* **Source data**
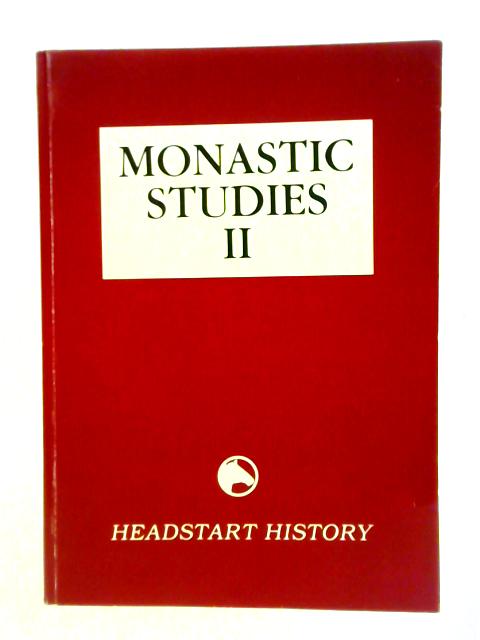 Monastic Studies: The Continuity of Tradition II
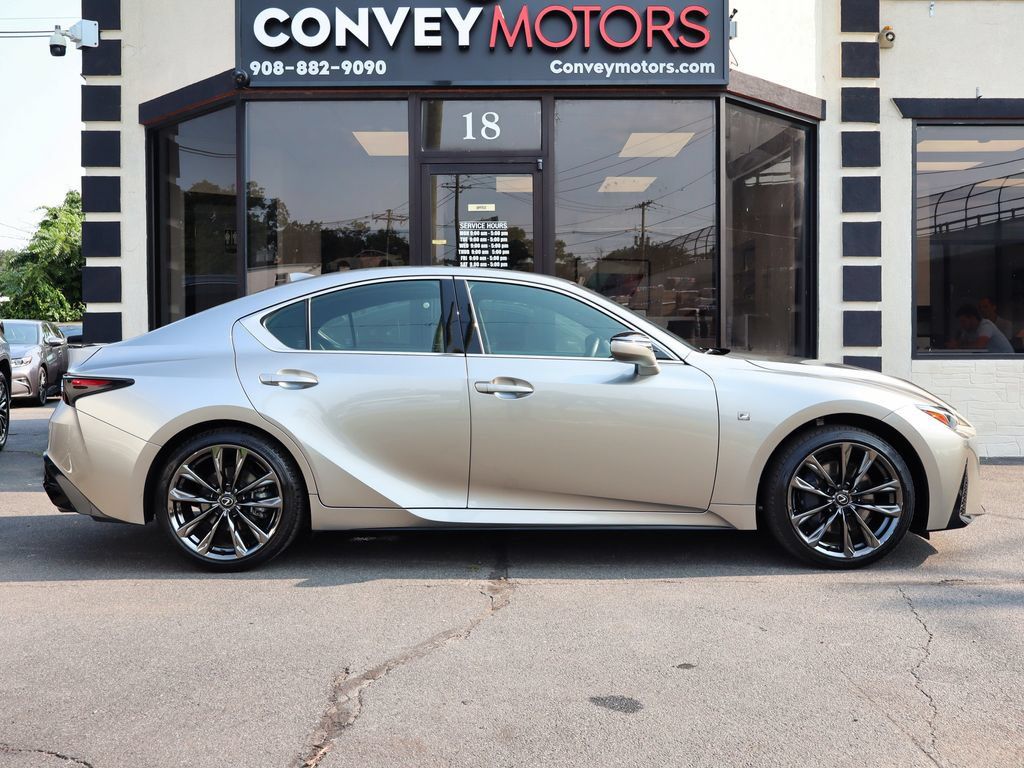 Used 2023 Lexus IS 350 F Sport AWD/4WD image 9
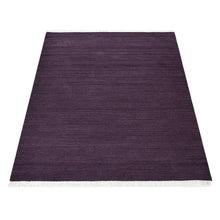 Fuzzy Hand Woven Rug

* **What is expected**
Output the material verbatim, skipping the images.

* **Task solution**
 Monastic Studies: The Continuity of Tradition II
 Used 2023 Lexus IS 350 F Sport AWD/4WD image 9
 Fuzzy Hand Woven Rug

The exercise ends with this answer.